I think we’ve been here, Bill! Years ago, we lived in So Cal, and liked to go camping up in Idaho. We’d drive down through Winnemucca and this town. Incredible memory of a great Basque meal there. Like nowhere else.
When they’re good, Basque restaurants are worth even some extra effort to get there. Last summer, after driving over 350 miles to a tiny, tiny town in southern Oregon (Lakeview, pop.2,000), I decided I wanted to go another 60 miles south, over the California/Oregon border to a Basque place I hadn’t been to in over 20 years in a tiny ranching community called Alturas, CA. It was late and I was calling ahead to make sure they’d still be open (in sketchy cell coverage, so even that was tricky). When I spoke to someone there, they were unsure whether they’d be open because it was a slow night and maybe they’d close after the last customer finished up. I think I sealed the deal when I said it was my birthday (true).

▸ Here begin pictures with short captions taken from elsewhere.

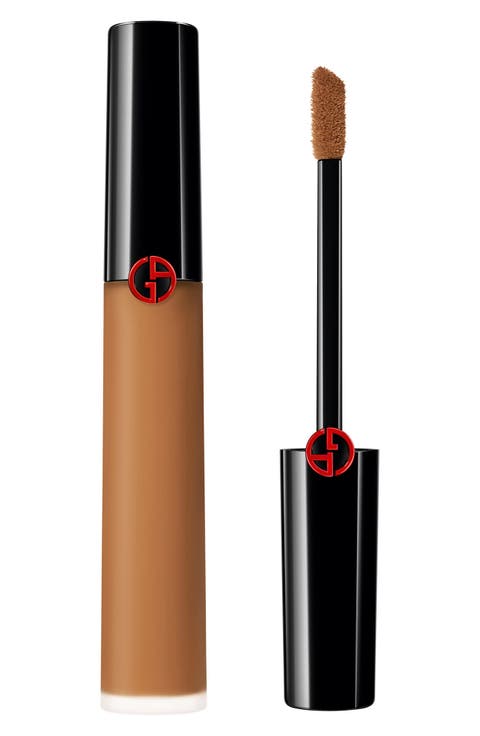 Power Fabric+ Multi-Retouch Concealer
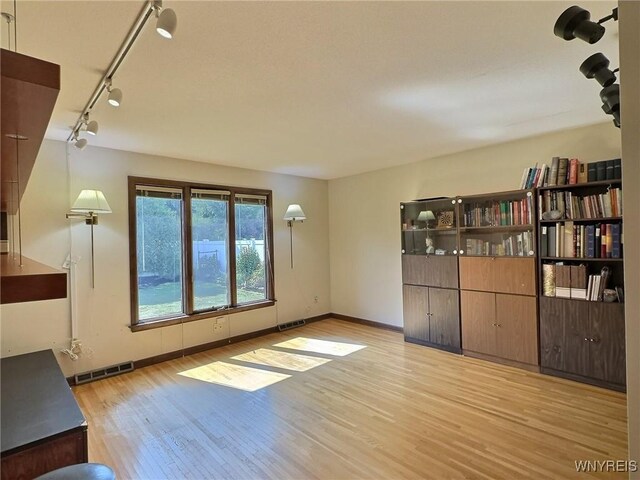 12 Troy View Ln, Amherst, NY 14221 - photo 21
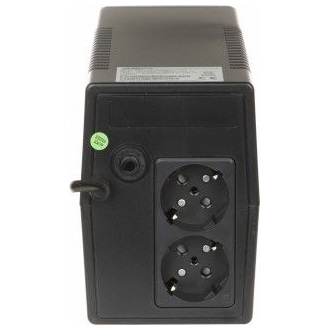 Dahua PFM350 600VA UPS szünetmentes tápegység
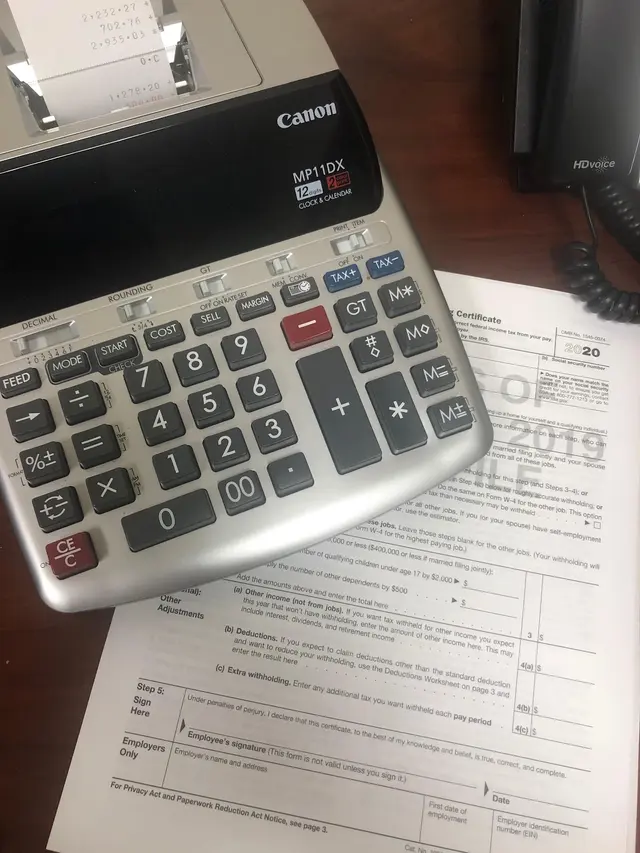 Outsource One Bookkeeping Services LLC — photo from the business 1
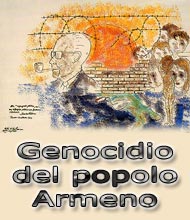 http://www.zatik.com/pics/ba-genocidio.jpg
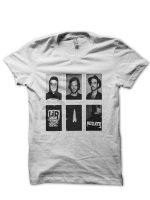 t shirts online india by Swagshirts99.in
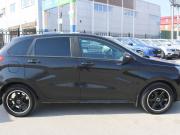 Lada (ВАЗ) XRAY I Калуга  - изображение 21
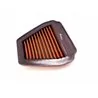 Filtro Aria HONDA RS150/R (ALL MODELS) (V1, V2, V3) (MALAYSIA) 150 PM183S Sprint Filter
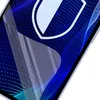 3mk FlexibleGlass Pro Google Pixel 10A Hybridglas Bruchfest Produktbild-Vorschau 9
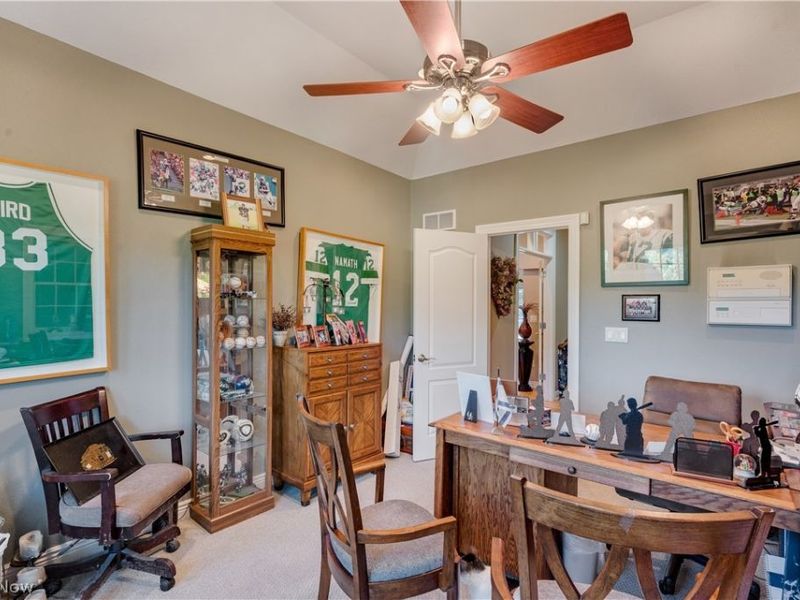 11535 Sunny Lake Drive, New Middletown, OH 44442 Photo 28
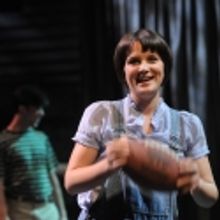 Burning Coal Theatre Co Presents TO KILL A MOCKINGBIRD 3/10-20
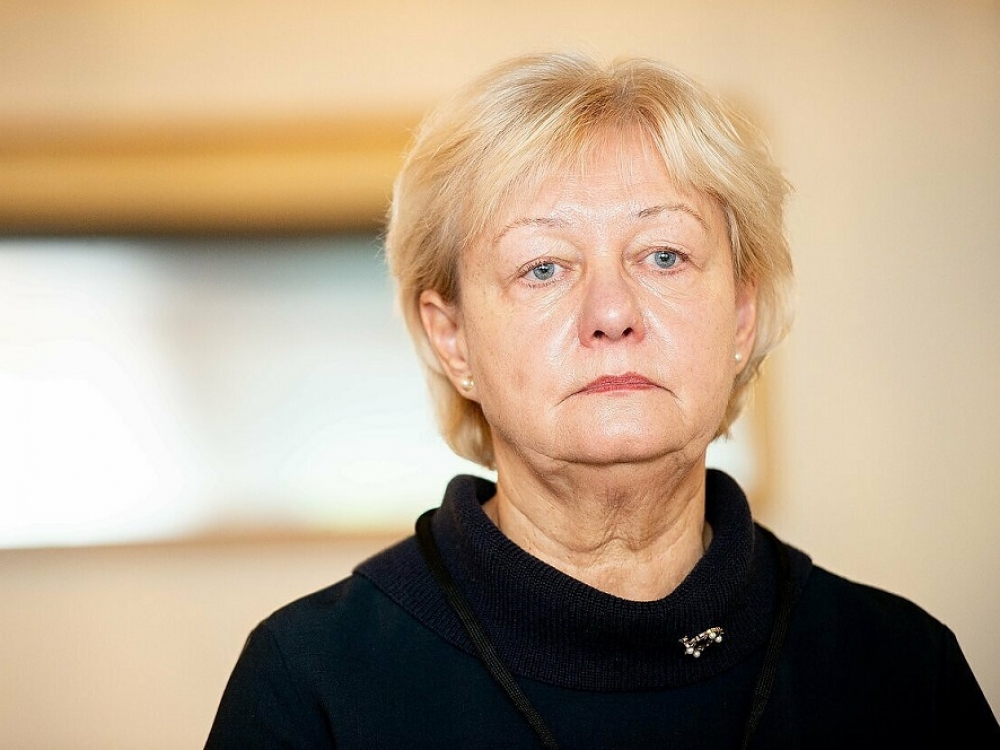 D.Razmuvienė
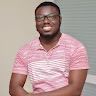 Gideon Amankwah okyere profile picture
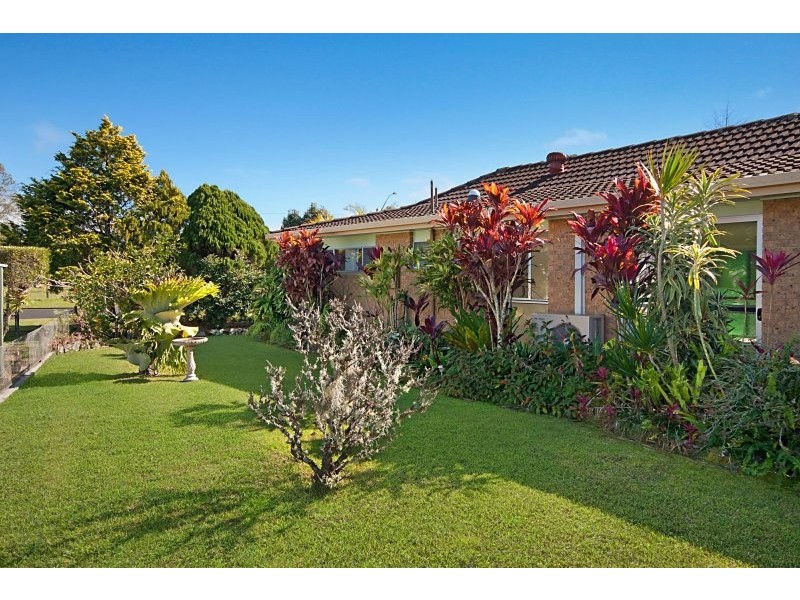15 & 16 Warina Place, Mullumbimby NSW 2482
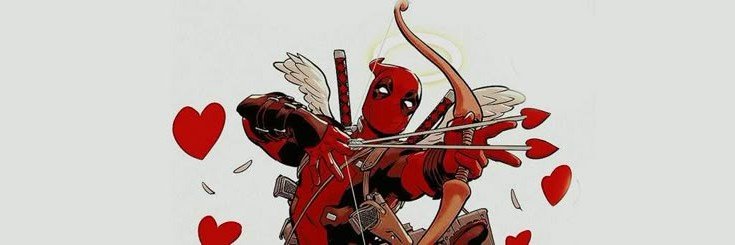 SmplySlly's profile banner image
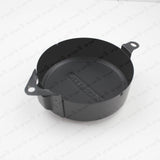 New Genuine Honda NCZ50 AB12 Motocompo Dynamo Cover JDM 11431-GA6-000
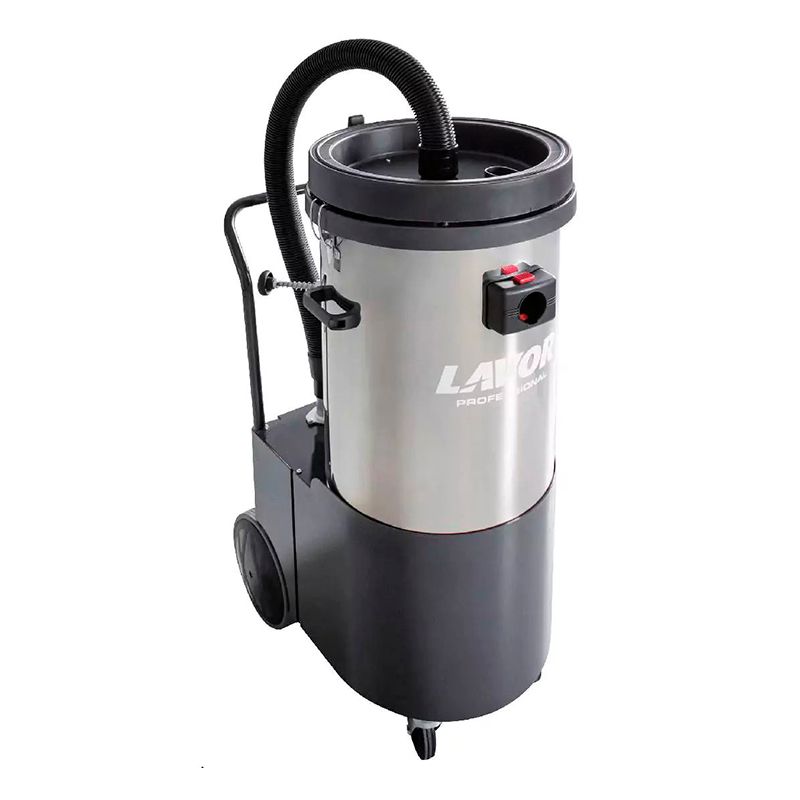 Пылеводосос LAVOR Professional DMX-R 80 1-22
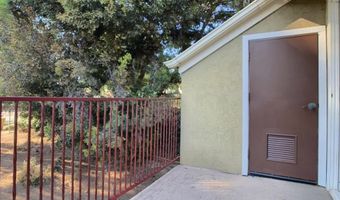 1145 Helix St 4, Spring Valley, CA 91977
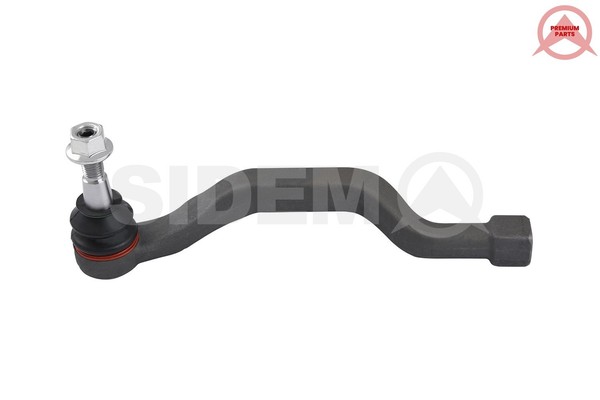 Sidem Spurstangenkopf Vorne Links FüR Renault Laguna III Grandtour 2.0-image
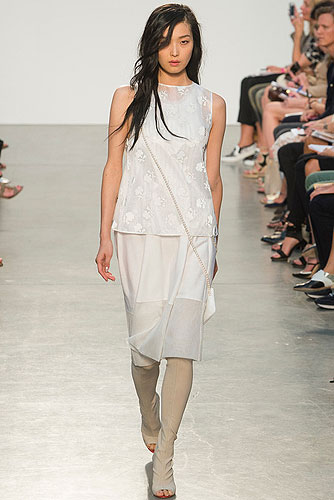Fashion_Brands_Thakoon_11767 - NewYork Fashion Week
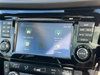Nissan Qashqai 1.2 DIG-T Tekna+ SUV 5dr Petrol XTRON Euro 6 (s/s) (115 ps) 5dr Automatic 2026
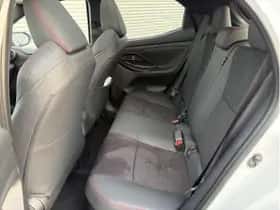 Toyota Yaris (2026) thumbnail 11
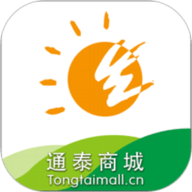 通泰商城 1.7.3 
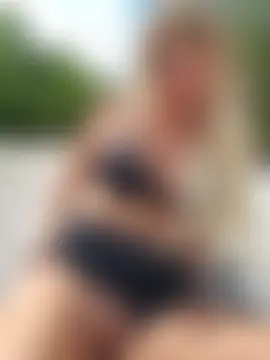 Sexy_Sparkling_'s Webcam Show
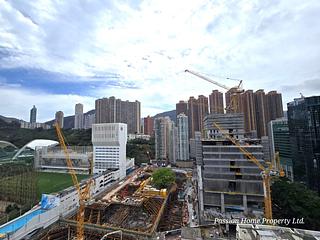 Causeway Bay - Park Haven 02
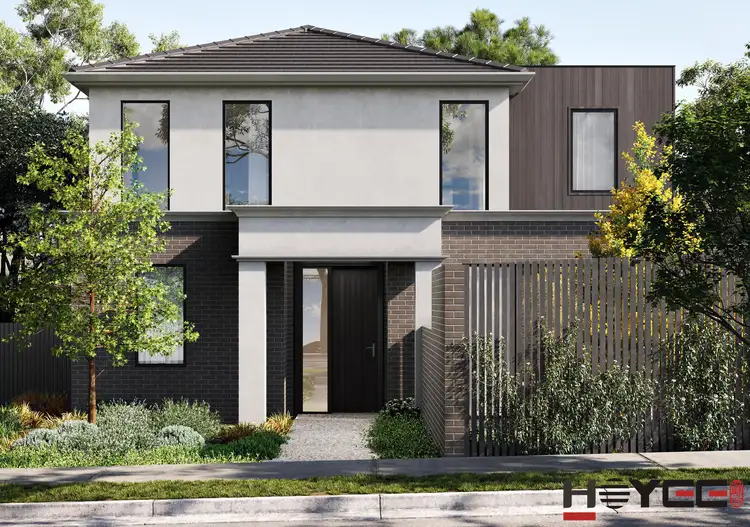 6/1273-1275 Toorak Road, Camberwell VIC 3124
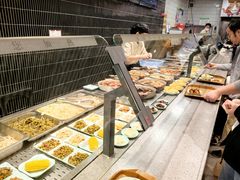 -常州银丝面馆(府琛店)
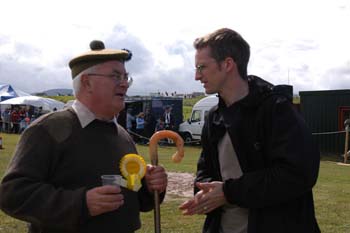 Highland Gathering 2007 (199)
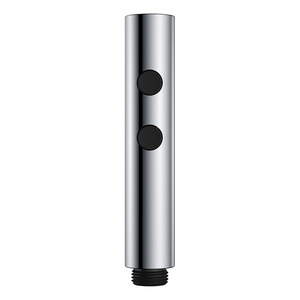 High Pressure <b>Cleaner</b> <b>Spray</b> Gun Adjustable Pressure ABS Material Descaling Stripping Use - Product Image 2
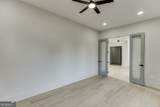 4238 Hamilton Mill Road - Photo 8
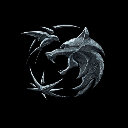 jaserix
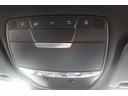 GLC220d 4マチックスポーツ 禁煙車 レーダーセーフティーPKG アンビエントライト メーカーナビ フルセグ 全周囲カメラ ハーフレザー 電動Rゲート BSM LEDヘッドライト ETC レーダークルーズ ルーフレール(44枚目)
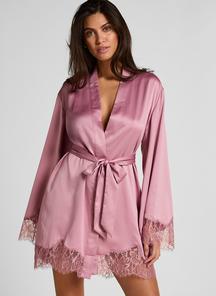 product-1717083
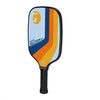 Gamma Quantum Neutron 5.0 Pickleball Paddle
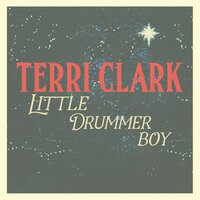 Terri Clark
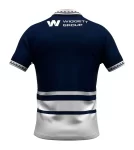 Camisa-Titular-Millwall-fc-2024-25-azul-i-masculina (1)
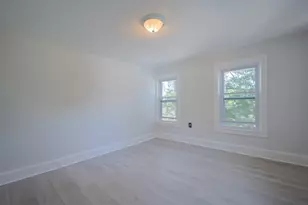 85 West Main St, Groton, MA 01450 - Photo 16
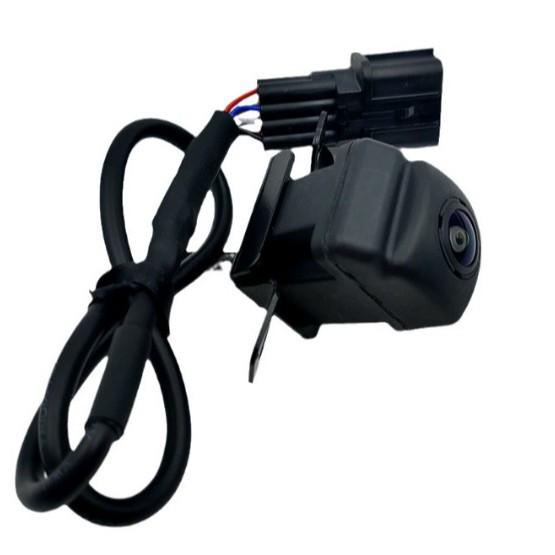 95760-B3000 Rear Camera Compatible with Older Hyundai Mistra Models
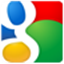 Google product search icon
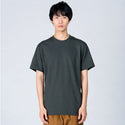 ヘビーウェイトTシャツ|5.6oz|00085-CVT|Printstar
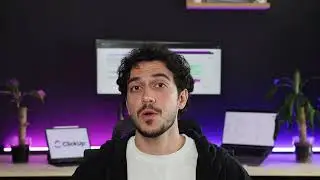 ClickUp Release 3.04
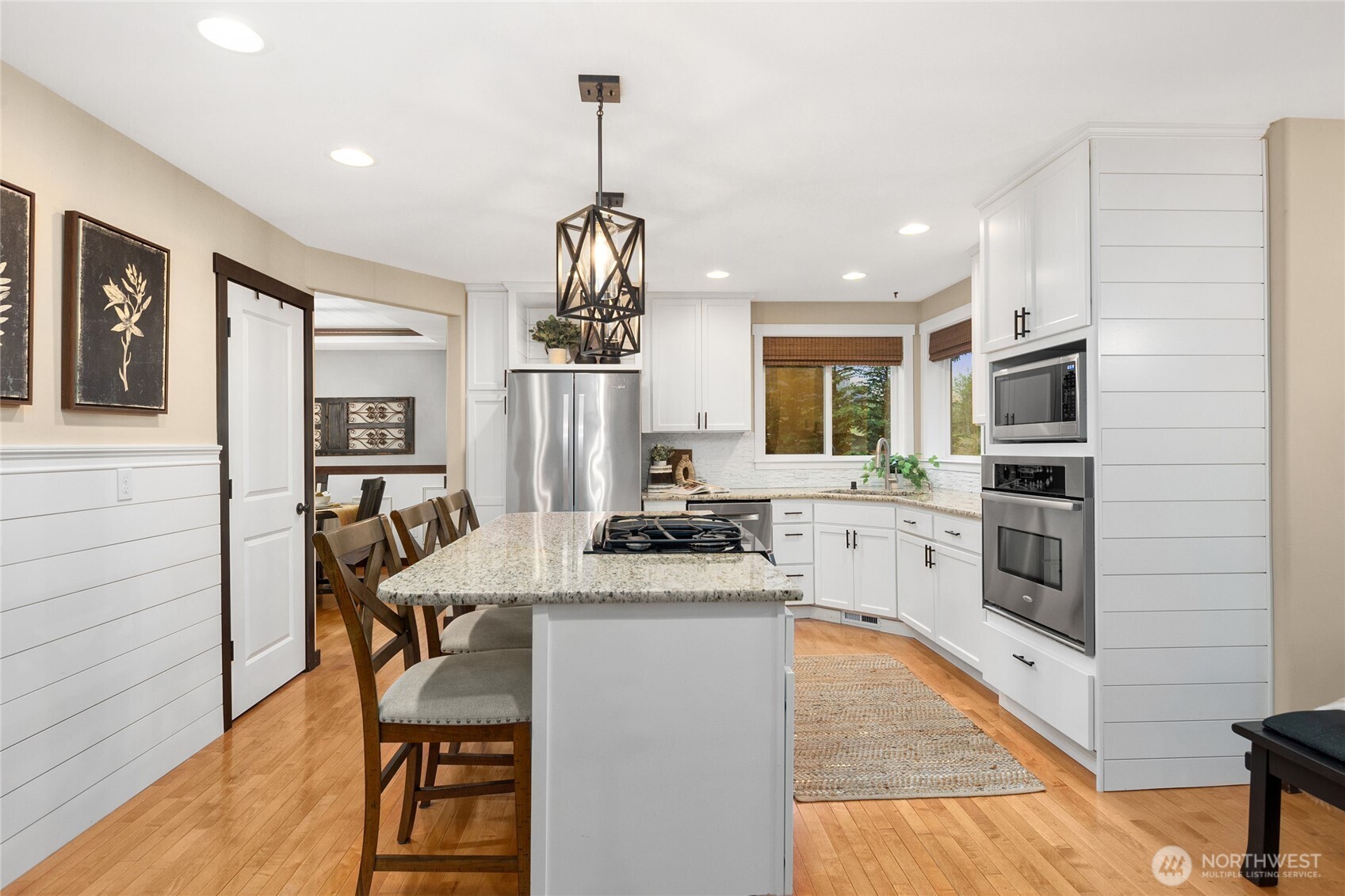 18302 437th Drive NE, Gold Bar, WA 98251
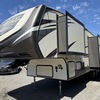 RV for Sale: 2018 VOLANTE VL280RL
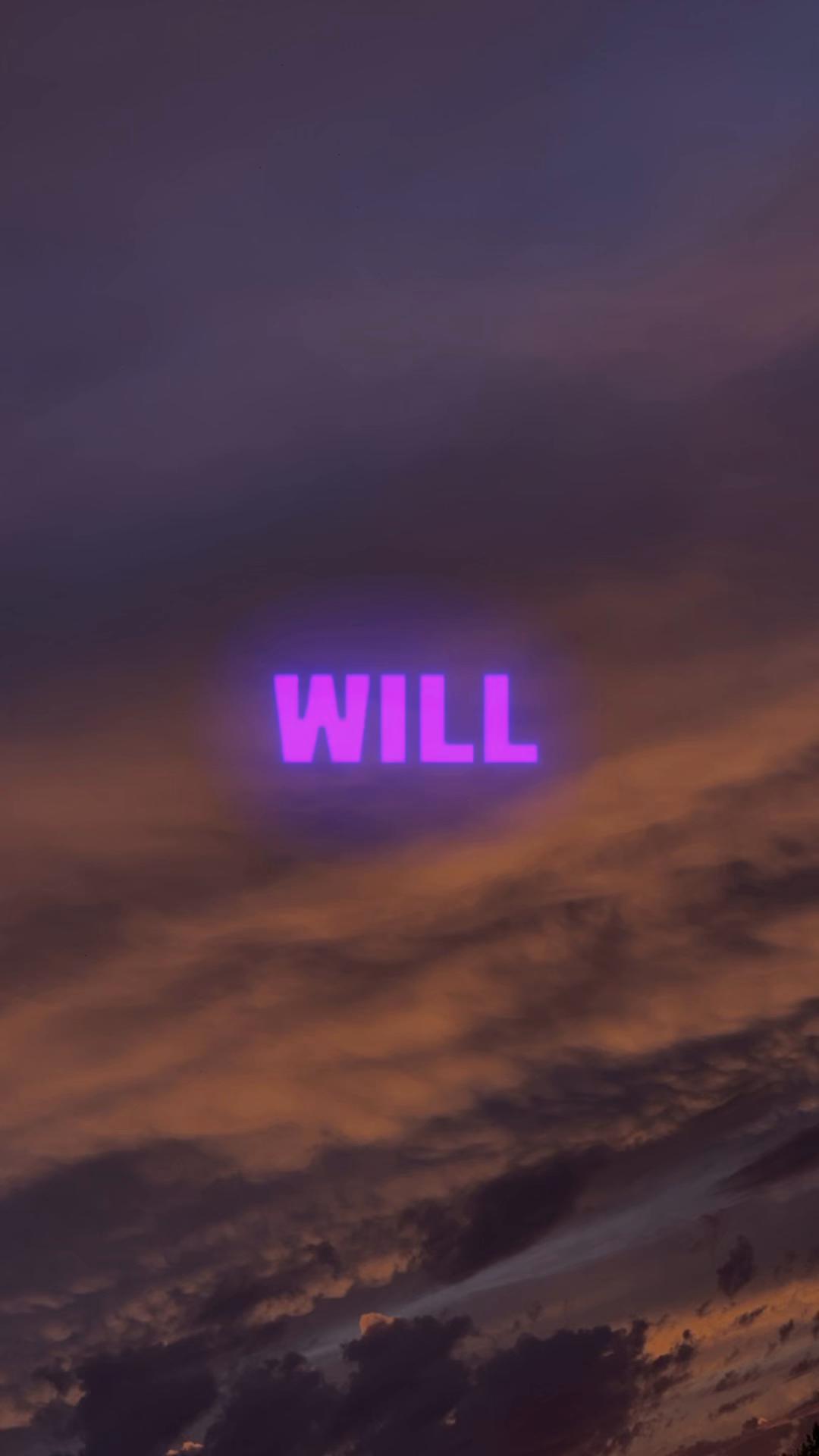 @♠๐๐๐๐๐_๐๐๐๐๐๐๐๐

Anyway, we got there, they were open and gracious and we were starved. And the two of us dined and drank some wine and had a wonderful meal. There were only two other tables occupied, plus a couple patrons in the bar, so when the waitress brought out the ice cream, she had a candle stuck in mine. She turned to the rest of the room and shouted “Hey, everyone, it’s Dot’s birthday!”, lit the candle and everyone in the place sang me the song.
It was a great way to end a long day driving. Not a bad way to end any day, really! And most definitely worth the effort to get there.